大槻智春、亡き兄に吉報「しっかり頑張らないと」


初優勝し堀川未来夢(左)から水をかけられ祝福される大槻智春(カメラ・馬場 秀則)

初優勝し堀川未来夢(左)から水をかけられ祝福される大槻智春(カメラ・馬場 秀則)

 ◆報知新聞社後援 男子プロゴルフツアー 関西オープン最終日(26日、奈良・KOMACC)

 4位で出た大槻智春(29)=真清創設=が7バーディー、ボギーなしの65で回り、3打差逆転で初優勝を飾った。同組の星野陸也(23)=フリー=と通算19アンダーで突入したプレーオフ(PO)4ホール目でバーディーを奪い決着。プロ9年目での初Vに、茨城から急きょ駆けつけた両親も喜びの表情を見せた。

 初優勝の瞬間、大槻は飛び切りの笑顔を浮かべた。18番パー4で繰り返し行われたPOで集中力を切らさず、4ホール目で3メートルのバーディーパットを決めた。星野との約6時間に及ぶ激闘に決着をつけ「勝てたなというのが一番に来た。すごくうれしい」。1打ビハインドだった正規の18番でも2・5メートルのバーディーパットを沈め追い付いた。

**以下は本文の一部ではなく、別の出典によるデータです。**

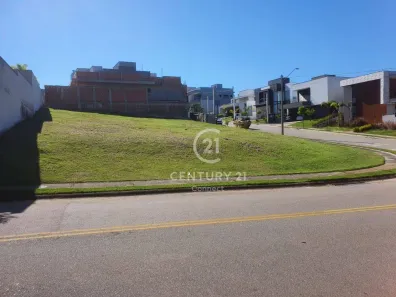 Lote/Terreno à venda, 450m² no Cyrela Landscape Esplanada, Votorantim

 遅咲きの29歳が、亡き兄に吉報を届けた。自身が生まれる約1年前、兄・智之さんが脳腫瘍のため11歳の若さでこの世を去った。ゴルフが上手だった兄と同じ7歳から競技を始め、父・隆さん(70)と二人三脚で練習に打ち込んできた。どうしても息子にゴルフをやらせたかった父は、前日の夜中から7時間も車を走らせて応援に訪れ「長男が亡くなって智春が生まれてきてくれたことが、生涯で一番うれしかった。でも今日の優勝も最高にうれしい」と喜んだ。大槻も「(兄と)会ったことはないけど、しっかり頑張らないととは思う」と思いを背負って戦った。

 2010年秋のプロ転向以降は、予選会で結果を残せずツアーに参戦できない毎日だった。日大で同期の小平智が勝利を重ねる姿を見て「『おめでとう』ってLINEを送るけど、自分の中で何やっているんだろう? というのはあった。ずっと悔しい思いをしてきた」と振り返った。今年の目標は「(毎試合)30位以内に入り続けること。早く2勝目とは思いますけど、そこはブレずにいこうかな」。小平に負けじと、足元を見て謙虚に挑み続ける。(筒井 琴美)

 ◆大槻 智春(おおつき・ともはる)1990年1月26日、茨城・神栖市生まれ。29歳。父の影響で7歳からゴルフを始め、鹿島学園高時代の2007年に関東ジュニアで優勝。日大に進学もプロ転向するため10年11月に中退し、11年からツアーに参戦。昨季賞金ランク40位で初シードを獲得した。得意クラブはサンドウェッジ。家族は両親と姉。172センチ、94キロ。